▸ **Try it**: In the records that follow, find the line containing "Table basse avec" and the line containing "Van Cleef &", then transcribe both and every line between them exactly, omitting pictures.

▸ **Listed entries**:
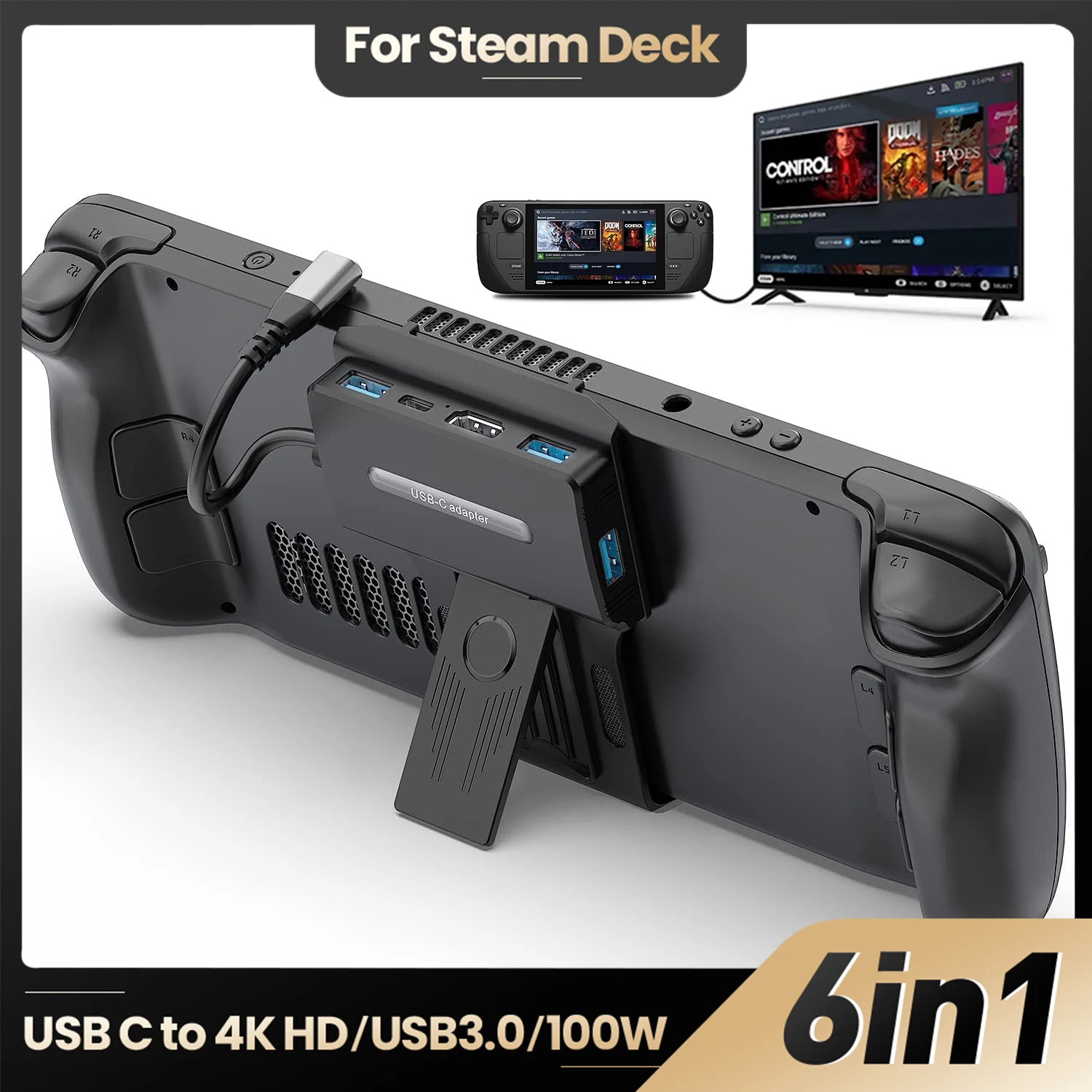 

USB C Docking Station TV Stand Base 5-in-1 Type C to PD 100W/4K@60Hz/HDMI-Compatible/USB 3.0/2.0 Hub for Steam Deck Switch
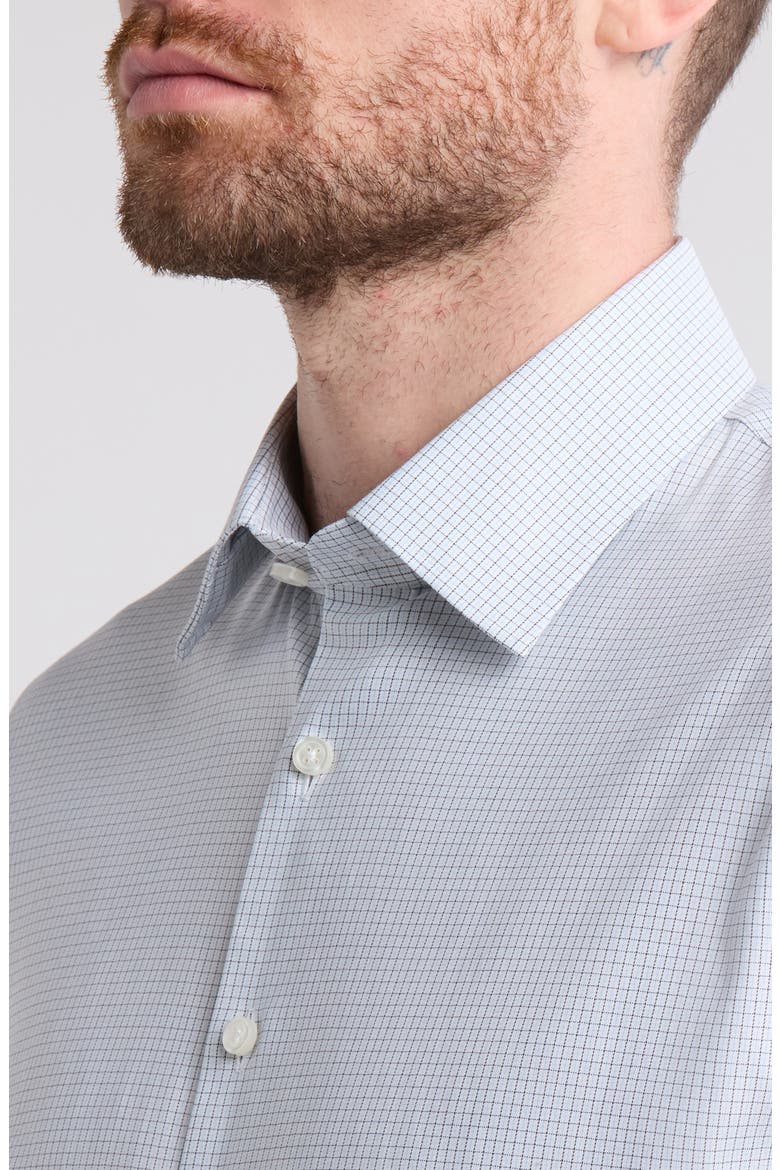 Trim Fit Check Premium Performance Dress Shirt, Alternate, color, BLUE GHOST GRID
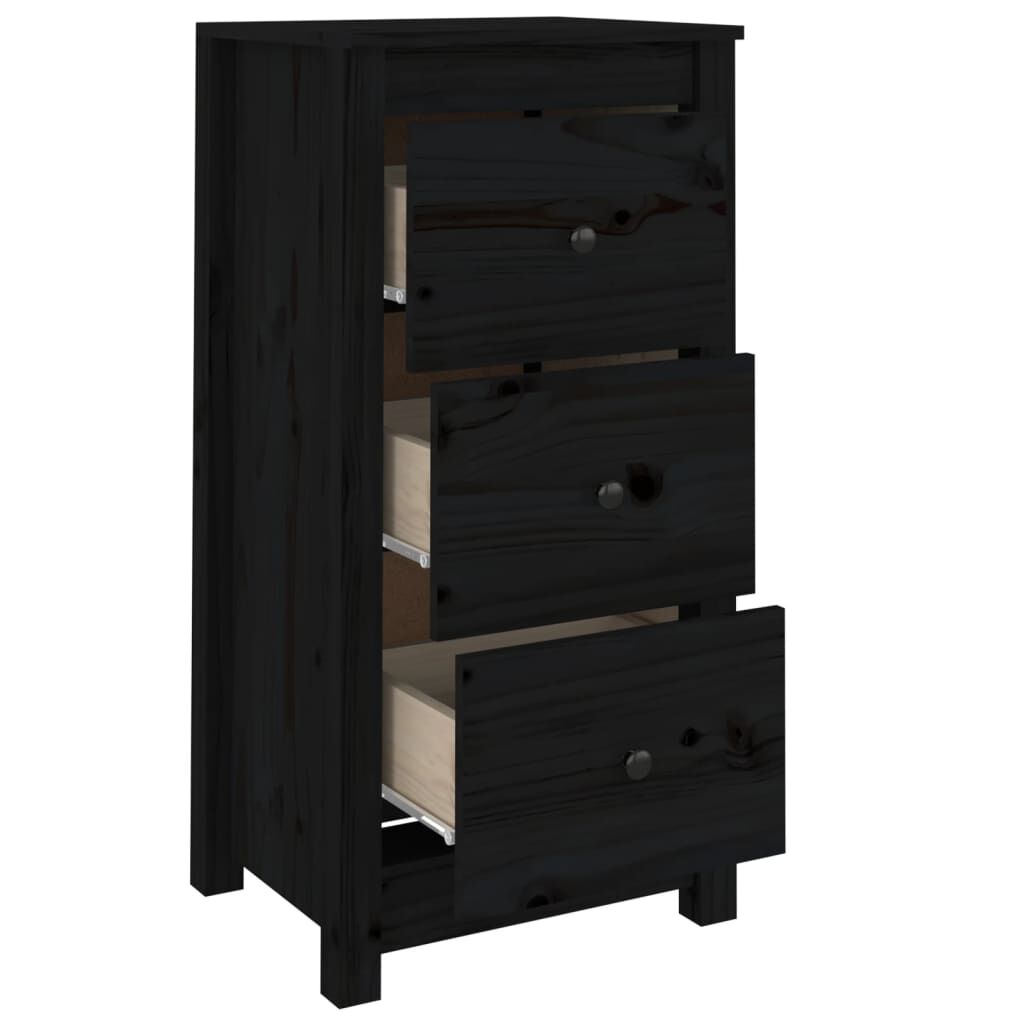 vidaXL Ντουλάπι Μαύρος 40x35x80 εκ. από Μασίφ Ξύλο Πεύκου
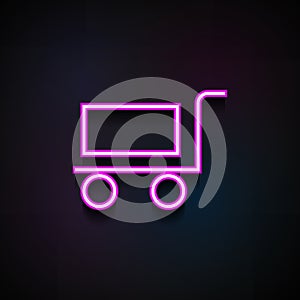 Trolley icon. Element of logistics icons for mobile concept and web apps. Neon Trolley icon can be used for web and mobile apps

...

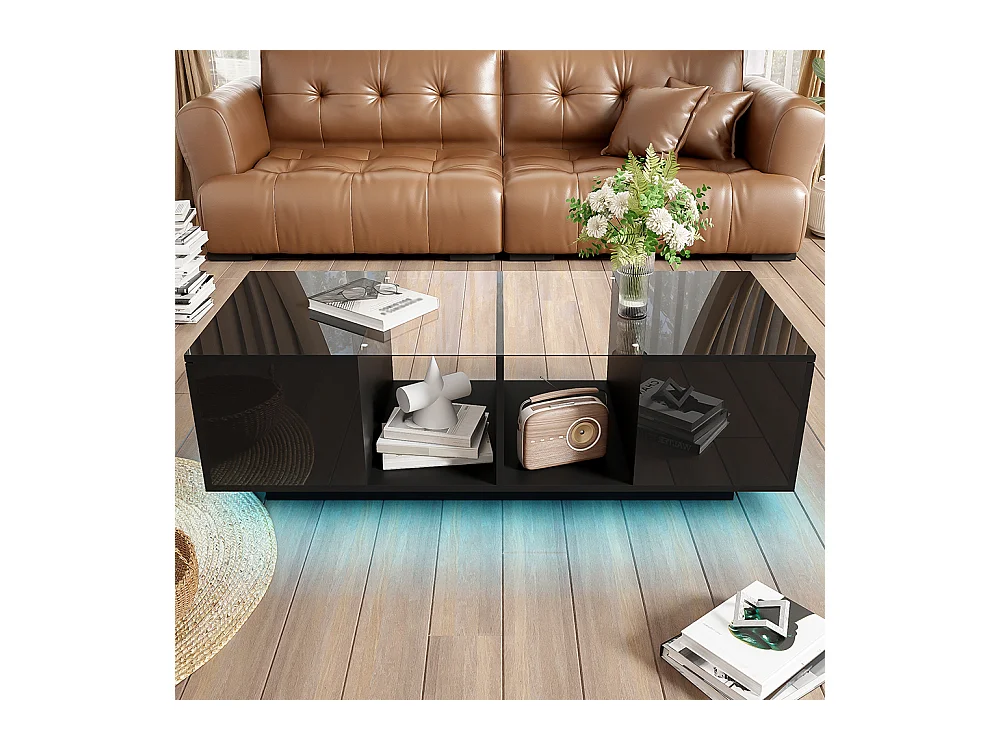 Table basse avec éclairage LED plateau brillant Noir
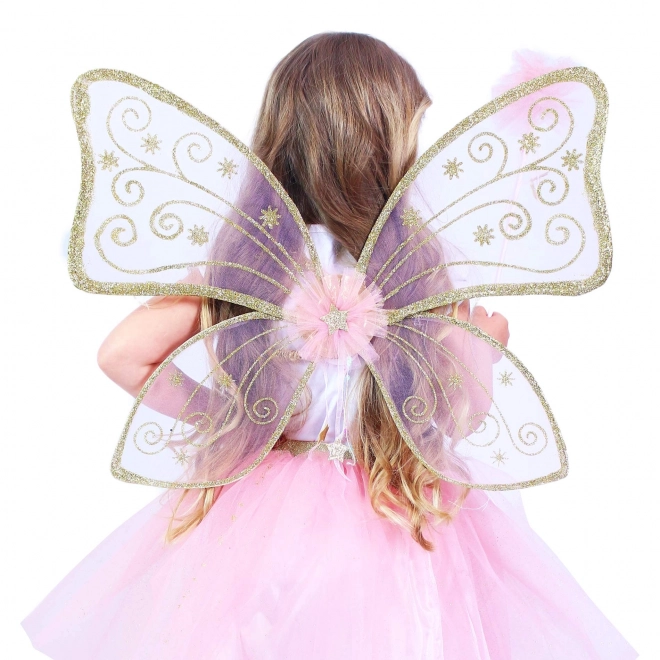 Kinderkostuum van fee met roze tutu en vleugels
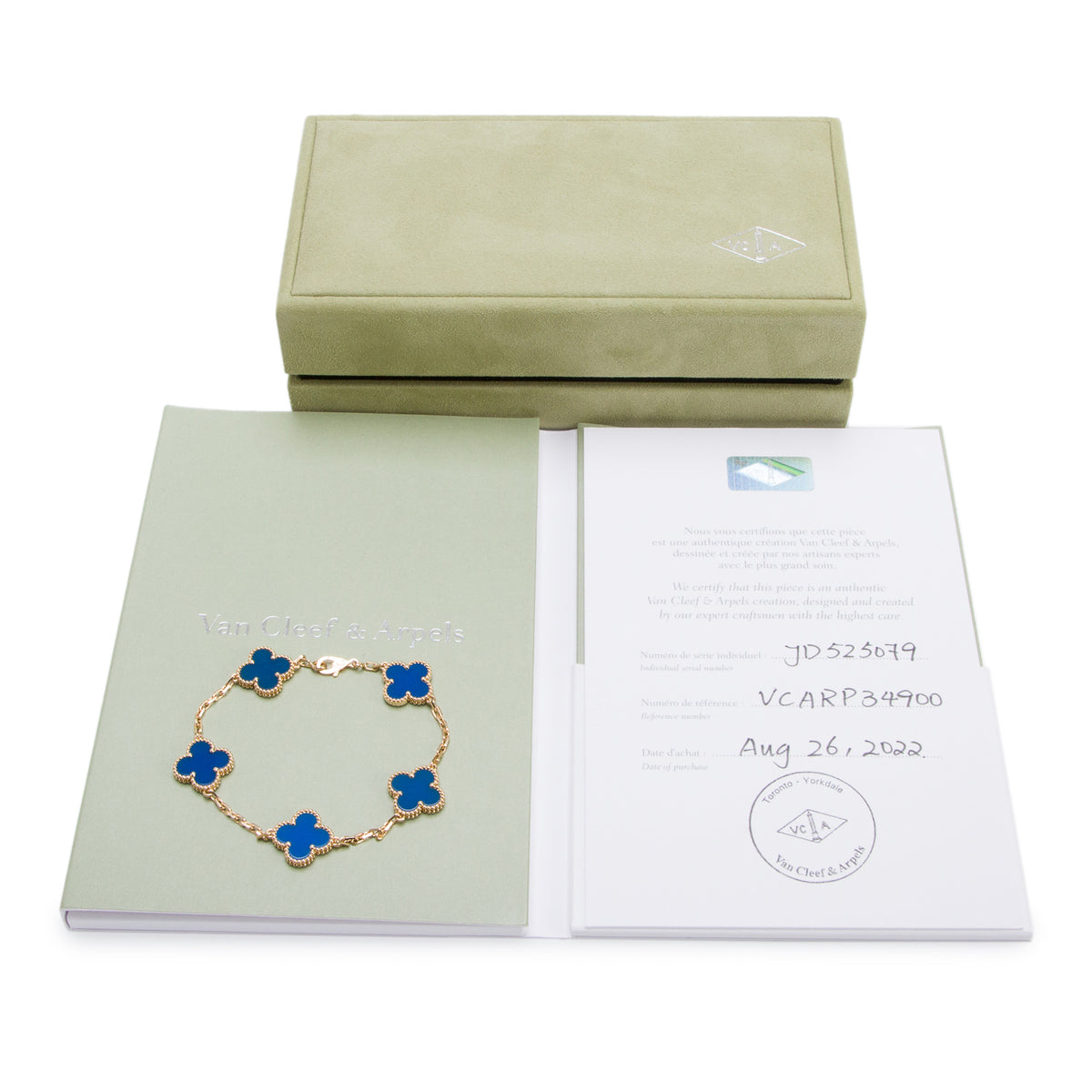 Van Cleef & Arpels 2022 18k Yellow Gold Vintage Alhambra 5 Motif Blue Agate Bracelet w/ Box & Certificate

▸ **Your solution**:
 Table basse avec éclairage LED plateau brillant Noir
 Kinderkostuum van fee met roze tutu en vleugels
 Van Cleef & Arpels 2022 18k Yellow Gold Vintage Alhambra 5 Motif Blue Agate Bracelet w/ Box & Certificate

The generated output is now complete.